(Problem details): Pictures are to be left out, and only the lines below starting at the one with "Книга Мопс, який" and ending at the one with "巴贝队战术稳健法甲比赛激烈反复展现强队风采 巴贝队战术稳" are to be reproduced, each exactly, both ends included.

(Exercise material):
........

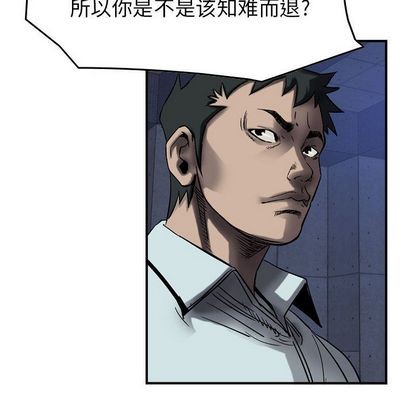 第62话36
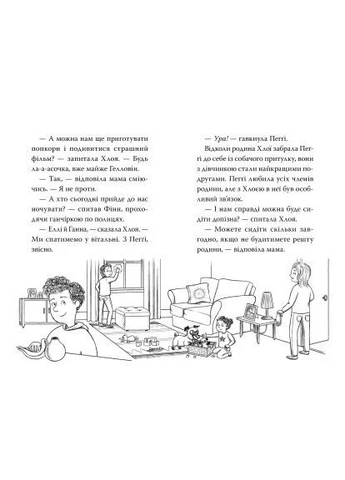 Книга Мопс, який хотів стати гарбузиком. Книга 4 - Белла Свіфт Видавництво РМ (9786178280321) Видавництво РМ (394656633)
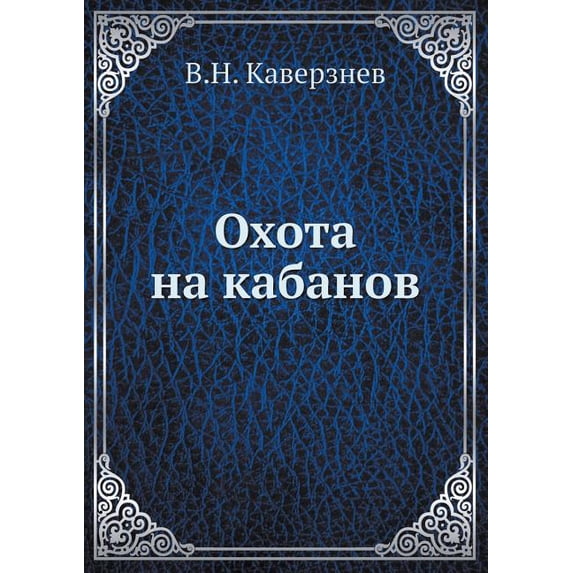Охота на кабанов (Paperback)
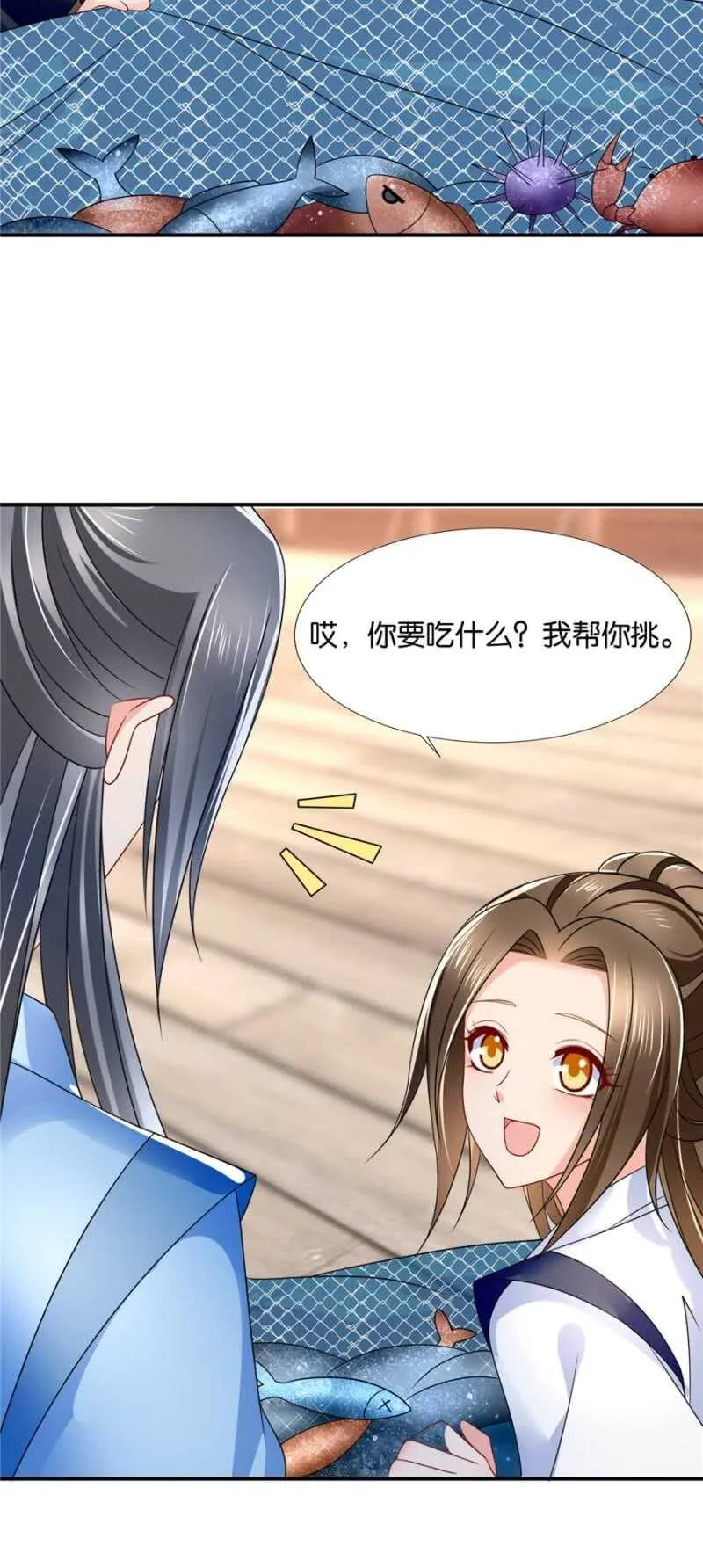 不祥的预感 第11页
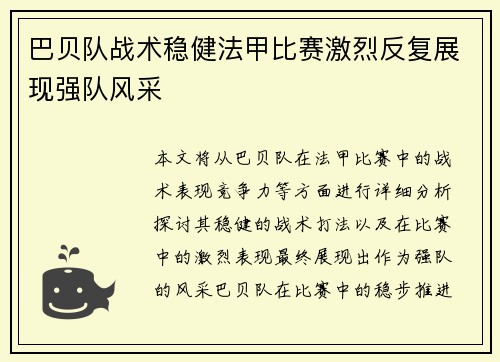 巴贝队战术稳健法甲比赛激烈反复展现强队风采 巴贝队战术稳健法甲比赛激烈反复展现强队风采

........

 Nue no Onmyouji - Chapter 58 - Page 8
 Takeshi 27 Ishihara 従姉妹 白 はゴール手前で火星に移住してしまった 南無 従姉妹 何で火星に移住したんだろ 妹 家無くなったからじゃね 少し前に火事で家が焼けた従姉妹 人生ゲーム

........

(Solution to this task):
 Книга Мопс, який хотів стати гарбузиком. Книга 4 - Белла Свіфт Видавництво РМ (9786178280321) Видавництво РМ (394656633)
Охота на кабанов (Paperback)
 不祥的预感 第11页
 巴贝队战术稳健法甲比赛激烈反复展现强队风采 巴贝队战术稳健法甲比赛激烈反复展现强队风采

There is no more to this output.